**I will admit: This post is inspired by a class I’m currently taking at school focused around social constructionism and popular culture. A quick caveat and preface: If you are taking a class at school/college/uni and the content is permeable between the realms of your social life and academic life, don’t take it for granted. That class will stick with you forever and you will look back and realize how grateful you were for that professor. So thank you, Professor Bucholtz. Here we go. **
As you have probably guessed at this point from the previous four posts that I am constantly baffled at the world around me. Baffled at the students that embody my school, at the decisions news outlets make and what they deem as “news.” But there’s nothing more baffling to me than sexual assault. Now, this post isn’t going to touch on this topic, per se, but the actual topic does seep in to it. Today (at the time of writing it is Monday, April 13) my professor offered us a challenge: Locate within popular culture (US and British television and film, primarily) examples of consent. It must be a verbalized question and not just a “look.” You all know what the “look” is, right?
It looks a bit like that. No words; just the glance, the slow motion, and the palpable tension between two people. I understand why this wasn’t an allowed option. For one, is it really consensual if no one says yes? Debatable. I began my search, writing up every last TV show and movie I can think of that can possibly exhibit some sort of vocalized consent. Anything! Please society, don’t let me down, I pleaded. As I went through, I began to notice a trend. Most of the shows I began to think of with any shred of consent were TV shows centered on young adults, banking on their first kiss. Even then, it was rare that something was even said. Even more interesting, were that these shows were released in the 1990’s! The ’90s! The upcoming generation wasn’t even alive yet! What does this say about the current pop culture that is floating around in society? What does it say for the future? Will my future child just pop out demanding sex because they feel its their birthright? Probably not, because they’re so fresh and new, but I’d give it at least until his/her/their tenth birthday. Moreover, my research led me to films which showed consent as either an awkward and comedic quip or again, among children (see Little Rascals [from 1994] or Frozen as examples). It was also very hard to locate any vocalized consent in relation to sexual intercourse. Almost impossible, but not entirely.
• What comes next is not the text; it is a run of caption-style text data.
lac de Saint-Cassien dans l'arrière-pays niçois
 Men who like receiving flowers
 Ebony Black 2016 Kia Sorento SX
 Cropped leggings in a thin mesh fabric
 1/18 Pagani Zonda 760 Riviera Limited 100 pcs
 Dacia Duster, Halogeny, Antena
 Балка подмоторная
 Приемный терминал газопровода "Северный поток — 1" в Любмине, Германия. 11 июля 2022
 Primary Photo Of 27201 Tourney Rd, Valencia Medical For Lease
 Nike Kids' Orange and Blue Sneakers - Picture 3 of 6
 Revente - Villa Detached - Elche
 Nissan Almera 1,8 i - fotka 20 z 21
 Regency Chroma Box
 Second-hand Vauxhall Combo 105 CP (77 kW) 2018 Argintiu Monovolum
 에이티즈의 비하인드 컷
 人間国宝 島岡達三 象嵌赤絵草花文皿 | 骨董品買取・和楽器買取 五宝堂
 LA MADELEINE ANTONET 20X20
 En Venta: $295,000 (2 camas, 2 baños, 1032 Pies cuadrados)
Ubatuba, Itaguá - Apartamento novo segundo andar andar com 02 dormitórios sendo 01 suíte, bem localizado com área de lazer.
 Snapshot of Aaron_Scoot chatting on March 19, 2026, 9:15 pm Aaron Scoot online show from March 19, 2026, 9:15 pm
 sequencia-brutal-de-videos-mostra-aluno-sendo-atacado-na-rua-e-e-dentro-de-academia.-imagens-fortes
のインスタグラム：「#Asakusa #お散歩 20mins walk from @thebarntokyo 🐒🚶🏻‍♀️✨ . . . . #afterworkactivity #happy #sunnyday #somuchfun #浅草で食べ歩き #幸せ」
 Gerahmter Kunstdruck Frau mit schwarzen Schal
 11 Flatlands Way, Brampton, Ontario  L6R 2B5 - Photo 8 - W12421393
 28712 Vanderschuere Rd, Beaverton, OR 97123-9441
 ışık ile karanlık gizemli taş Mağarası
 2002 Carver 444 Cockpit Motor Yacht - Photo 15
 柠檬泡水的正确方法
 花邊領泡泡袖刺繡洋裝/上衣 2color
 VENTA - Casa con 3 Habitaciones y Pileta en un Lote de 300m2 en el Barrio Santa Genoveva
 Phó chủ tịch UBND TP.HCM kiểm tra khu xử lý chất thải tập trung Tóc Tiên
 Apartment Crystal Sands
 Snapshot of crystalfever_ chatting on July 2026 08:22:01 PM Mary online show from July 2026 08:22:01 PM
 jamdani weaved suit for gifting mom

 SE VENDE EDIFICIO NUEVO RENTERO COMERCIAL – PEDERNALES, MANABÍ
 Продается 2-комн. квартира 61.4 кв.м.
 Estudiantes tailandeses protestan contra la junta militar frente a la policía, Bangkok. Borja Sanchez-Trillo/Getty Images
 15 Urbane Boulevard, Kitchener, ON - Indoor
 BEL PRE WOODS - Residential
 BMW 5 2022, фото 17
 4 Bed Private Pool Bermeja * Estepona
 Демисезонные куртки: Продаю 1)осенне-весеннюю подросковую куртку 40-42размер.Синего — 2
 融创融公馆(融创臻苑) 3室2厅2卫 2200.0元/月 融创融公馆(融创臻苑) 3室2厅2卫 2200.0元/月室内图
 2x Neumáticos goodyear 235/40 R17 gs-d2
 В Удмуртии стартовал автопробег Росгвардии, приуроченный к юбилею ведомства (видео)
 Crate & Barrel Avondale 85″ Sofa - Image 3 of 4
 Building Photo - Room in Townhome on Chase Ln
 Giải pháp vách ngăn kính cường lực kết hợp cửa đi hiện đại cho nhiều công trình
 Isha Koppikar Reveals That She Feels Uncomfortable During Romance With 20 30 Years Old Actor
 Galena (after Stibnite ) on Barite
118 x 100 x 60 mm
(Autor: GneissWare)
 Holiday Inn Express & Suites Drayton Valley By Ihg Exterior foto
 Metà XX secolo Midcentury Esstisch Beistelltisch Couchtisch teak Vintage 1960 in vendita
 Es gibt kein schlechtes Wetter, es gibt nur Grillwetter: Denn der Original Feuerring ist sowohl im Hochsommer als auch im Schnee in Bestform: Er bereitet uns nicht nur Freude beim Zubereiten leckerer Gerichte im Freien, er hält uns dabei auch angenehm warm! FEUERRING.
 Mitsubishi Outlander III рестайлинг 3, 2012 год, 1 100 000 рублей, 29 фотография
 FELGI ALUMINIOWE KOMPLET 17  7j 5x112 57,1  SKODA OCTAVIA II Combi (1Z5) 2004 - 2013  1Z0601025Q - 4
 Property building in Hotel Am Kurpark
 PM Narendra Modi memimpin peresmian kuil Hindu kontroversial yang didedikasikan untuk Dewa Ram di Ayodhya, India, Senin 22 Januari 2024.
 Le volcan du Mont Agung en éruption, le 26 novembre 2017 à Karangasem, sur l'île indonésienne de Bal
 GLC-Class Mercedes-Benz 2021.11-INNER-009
Why is it that pop culture and the media is so obsessed with “the stolen kiss?” Kisses taken mid-sentence, taken in silence, kisses taken by surprise. It’s because we’re taught that the stolen kiss is sexy. My take from this exercise? Society and the media don’t think consent will sell. They don’t think it’s sexy. They believe that what is sexy is for sex to be spontaneous, sporadic, long-lasting, and satisfyingly pleasurable. Which is not the case whatsoever. I think to limit to a vocalized consent is eye-opening because of its rarity. Think about it. Most sex isn’t scheduled. Most sex isn’t talked about. Sex just happens. That’s a dominant discourse in our lives. Sex just happens and we expect it to be amazing. Not the case. Even when you think of the term ‘consensual sex,’ it’s completely redundant. Sex should be consensual 100% of the time. If it’s not, it’s rape.
Next time, when you’re watching a TV show or a movie, try and look out for these types of things and notice how rare they are. Notice how much more difficult they are to find when you’re actively seeking them out. It’s headache-inducing, so I’d keep a few aspirins nearby. I don’t mean to ruin these things for you, far from it. To notice, is to be aware and awareness is a good thing. Also, when in doubt: Just ask. Maybe one day we can justly prove that consent is sexy. A final note that should be said:
Yes means yes. Anything other than that is a no. It’s as simple, and apparently as complicated as that.